Quaker City Passenger Lists

Who traveled with Mark Twain on the Quaker City? While some of his fellow passengers became well-known through their association with Twain, or through their own self-promotion after the cruise, the list of who traveled with Twain is hard to pin down exactly due to inaccuracies in some published lists.

There are five published lists of passengers from different places and times. Those are described and linked to below.

On November 8, 1867, the day the Quaker City departed New York, The Brooklyn Daily Union published a list of the passengers on the ship. However, that list was clearly provided to the Union before it was finalized, as it includes at least a dozen names of people who did not go on the trip. You can see this list in a clipping here: https://www.newspapers.com/article/the-brooklyn-union-1867-06-08-the-medite/143538848/

The next day, November 9, 1867, The New York Times published essentially the same list as The Brooklyn Union (although with many copy errors). It’s not clear if both papers received the same list, or if the Times copied the list printed the day before in Union. You can view this list on the New York Times archive (with a subscription): https://nyti.ms/3Pvew2n.

Excerpted from The New York Times, June 9, 1867, page 8.

When the Quaker City was almost back in New York at the end of five months of traveling, it stopped in Bermuda. While there, on November 11, 1867, a list of passengers on the Quaker City was published. This is probably the most reliable list as it was published by the passengers, and includes everyone who traveled on the Quaker City, even if they had departed the ship early. You can see this list on the web site of The Shapell Manuscript Foundation: https://www.shapell.org/manuscript/quaker-city-passenger-list/.

On the same day the Quaker City arrived in New York, November 19, 1867, a list of passengers was published in The Brooklyn Union. This list also includes those who left early, and as it matches the Bermuda list almost exactly, it was likely based on it. You can see this list in an online clipping here: https://www.newspapers.com/article/the-brooklyn-union-1867-11-19-arrival-of/143545592/. This list also includes a short list of officers on the ship. This list was the one used in an article in 1910, after the death of Mark Twain, that interviewed surviving passenger Stephen M. Griswold.

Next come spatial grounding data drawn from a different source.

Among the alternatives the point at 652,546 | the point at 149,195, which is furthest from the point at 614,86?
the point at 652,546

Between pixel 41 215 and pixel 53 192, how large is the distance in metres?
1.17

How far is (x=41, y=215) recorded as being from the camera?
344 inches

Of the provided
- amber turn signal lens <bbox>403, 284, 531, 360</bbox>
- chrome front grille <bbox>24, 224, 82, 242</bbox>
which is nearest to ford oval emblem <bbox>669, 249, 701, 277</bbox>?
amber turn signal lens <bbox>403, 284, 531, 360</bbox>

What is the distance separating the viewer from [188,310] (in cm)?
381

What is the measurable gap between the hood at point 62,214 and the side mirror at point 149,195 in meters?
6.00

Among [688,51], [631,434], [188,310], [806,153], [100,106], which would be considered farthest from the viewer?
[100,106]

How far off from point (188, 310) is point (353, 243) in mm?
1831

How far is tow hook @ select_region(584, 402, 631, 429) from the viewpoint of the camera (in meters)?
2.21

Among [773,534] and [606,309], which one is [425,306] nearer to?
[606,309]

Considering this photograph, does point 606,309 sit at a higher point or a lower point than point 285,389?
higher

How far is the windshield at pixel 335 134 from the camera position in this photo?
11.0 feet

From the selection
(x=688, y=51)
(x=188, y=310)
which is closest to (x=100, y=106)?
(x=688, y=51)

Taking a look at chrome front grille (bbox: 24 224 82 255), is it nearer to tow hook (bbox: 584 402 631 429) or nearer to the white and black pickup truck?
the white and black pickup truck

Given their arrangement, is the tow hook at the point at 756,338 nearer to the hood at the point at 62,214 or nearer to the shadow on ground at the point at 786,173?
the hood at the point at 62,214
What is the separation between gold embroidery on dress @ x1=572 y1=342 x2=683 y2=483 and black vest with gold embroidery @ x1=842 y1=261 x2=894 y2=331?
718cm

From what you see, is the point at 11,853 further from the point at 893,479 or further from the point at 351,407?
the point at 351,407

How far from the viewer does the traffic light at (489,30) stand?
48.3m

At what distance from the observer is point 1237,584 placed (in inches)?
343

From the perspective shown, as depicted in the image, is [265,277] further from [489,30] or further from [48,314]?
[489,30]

Finally, the day after the Quaker City returned to New York, November 20, 1867, a list was published in The New York Herald. This list was published together with an article written by Mark Twain, although he was unacknowledged as the author when it was published. That article, however, was used for most of Chapter 61 in Twain’s book based on the Quaker City trip, The Innocents Abroad. That list can be found on the Library of Congress’ Chronicling America web site: https://chroniclingamerica.loc.gov/lccn/sn83030313/1867-11-20/ed-1/seq-7/print/image_681x648_from_2903%2C1408_to_3933%2C2389/

There are also various other partial lists, such as a letter written to the owner of the Quaker City on August 26, 1867, signed by twenty-seven passengers, thanking him for arranging their meeting with Czar Alexander II (see https://www.marktwainproject.org/xtf/view?docId=letters/UCCL09123.xml;style=letter). On the day the ship left New York there was a very short list, mostly of officers and celebrities, that was published in the New York Tribune. However, like the New York Times list, it lists at least one person who did not go on the journey (the actress Maggie Mitchell), and gets the name of the executive officer incorrect (John Bussby instead of Ira Bursley). You can also see this article on the Chronicling America web site: https://chroniclingamerica.loc.gov/lccn/sn83030214/1867-06-08/ed-1/seq-8/print/image_681x648_from_937%2C3370_to_2667%2C5018/

There is also an almost complete list of passengers in the journal of one of the passengers, Robert Bell, who collected signatures of almost all of the passengers who were still on the ship when he collected them, towards the end of the trip. This list is not yet published, but may be soon. More on that at a future date.